# My Nikki



## SBlade77 (Oct 18, 2009)

I received the call tonight that my childhood cat, Nikki, had died today. I had no idea that it would hurt this much - I keep trying to comfort myself that she had a long and wonderful 16 year life, but I'm really weighed down by a crushing sadness.

We got Nikki when I was ten years old - our first and only family pet. She was a beautiful little grey kitten with a tiny bit of white on her chest - very regal looking, right to the end, with a long narrow face and huge green eyes. Even as a kitten she was shy and a bit stand-offish, but she bonded quickly with my family, and was a key part of my childhood. We have so many pictures of her being dressed up in different outfits, being carted around, led around on a harness, doing tricks (I taught her how to sit, lie down and roll over in one afternoon!). Even writing that is a bit heartbreaking - the last time I saw her at Christmas, she was a bit arthritic and achy, but she'd still sit and lay down for me on command.

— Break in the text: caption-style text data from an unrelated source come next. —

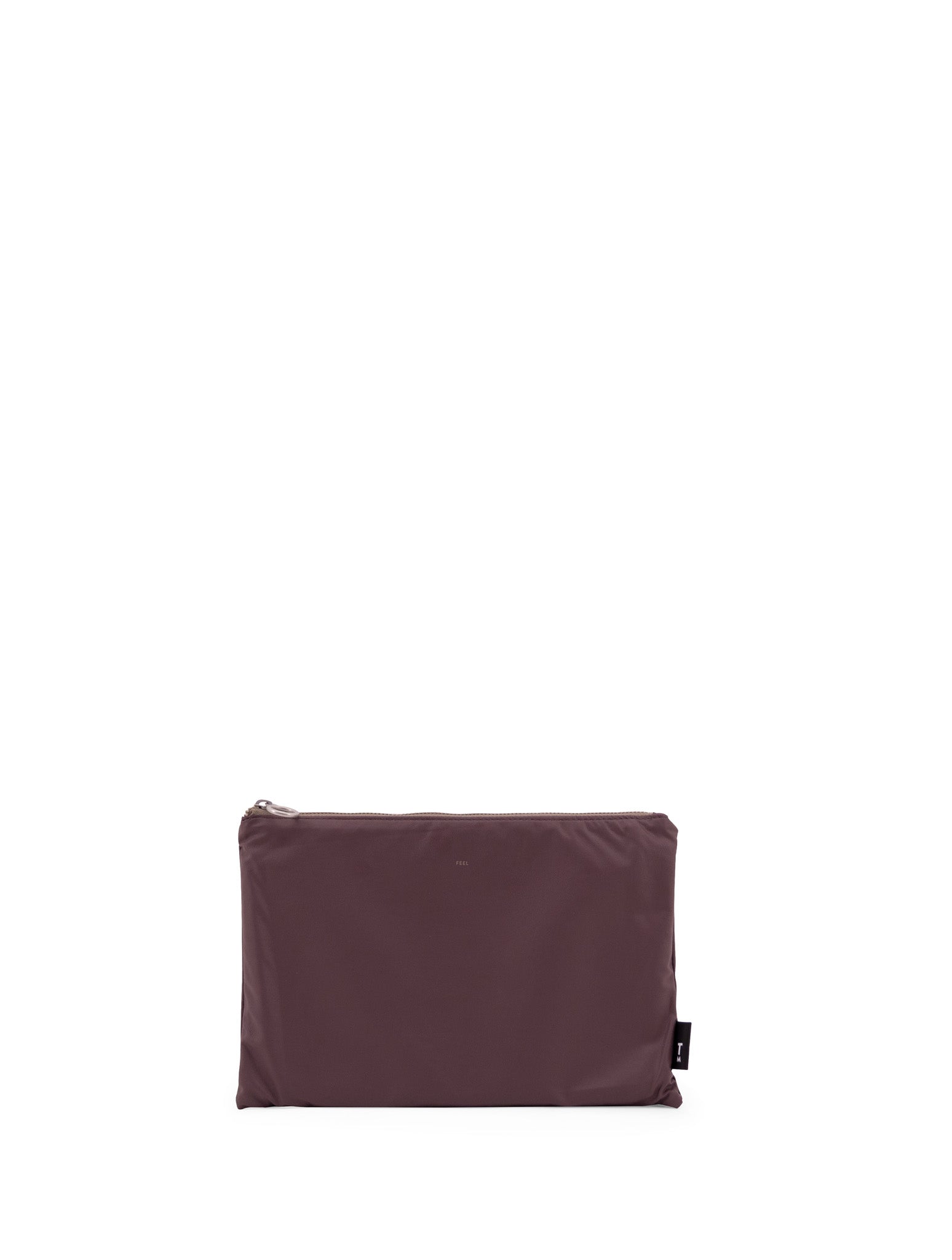 Feel Good Pouch - Italian Plum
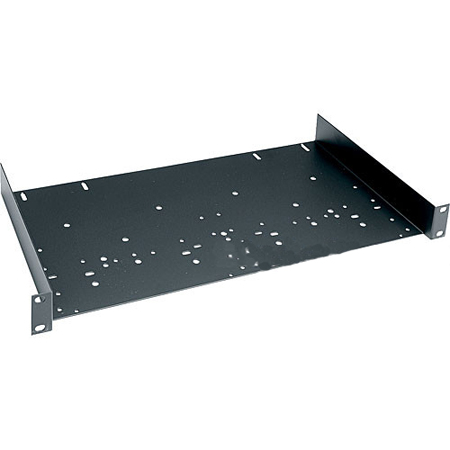Middle Atlantic Half/Third Rack Shelf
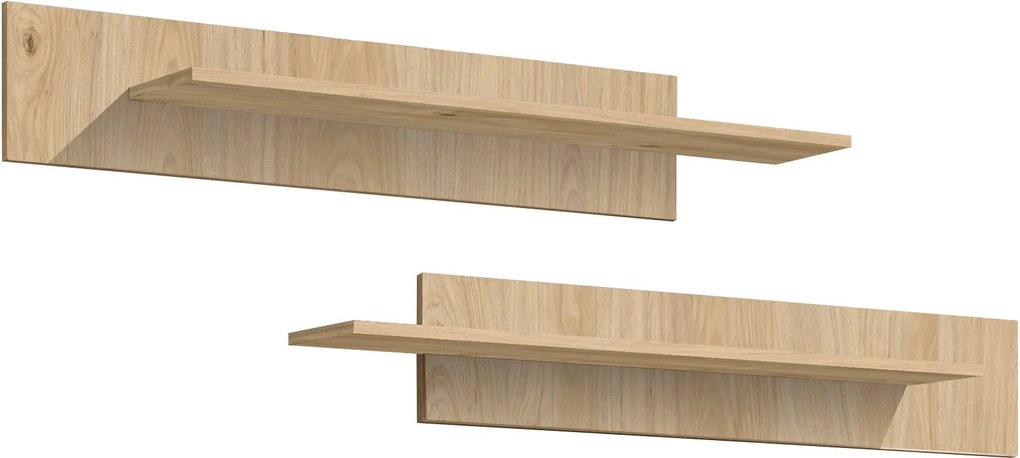 Комплект от 2 рафта Mix-Сонома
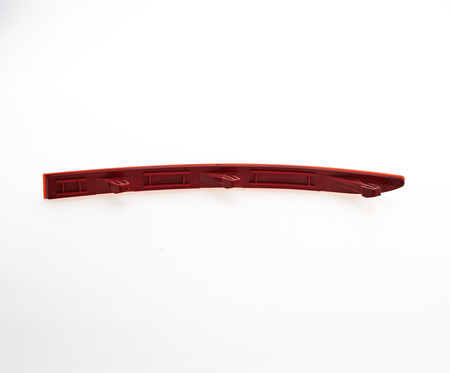 Odblask zderzaka tył strona lewa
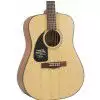 Fender CD-100 NATV2 L Westerngitarre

I moved out on my own when I was 19, but was fairly close by and saw Nikki often. She always welcomed me home eagerly, and then would sleep on my bed for days after I left. She wasn't the most affectionate cat, but was loving in her own way, and was SO incredibly smart and persistent! She made her opinions known, and in her later years got a bit soft and started sleeping with my parents and becoming more of a lap cat.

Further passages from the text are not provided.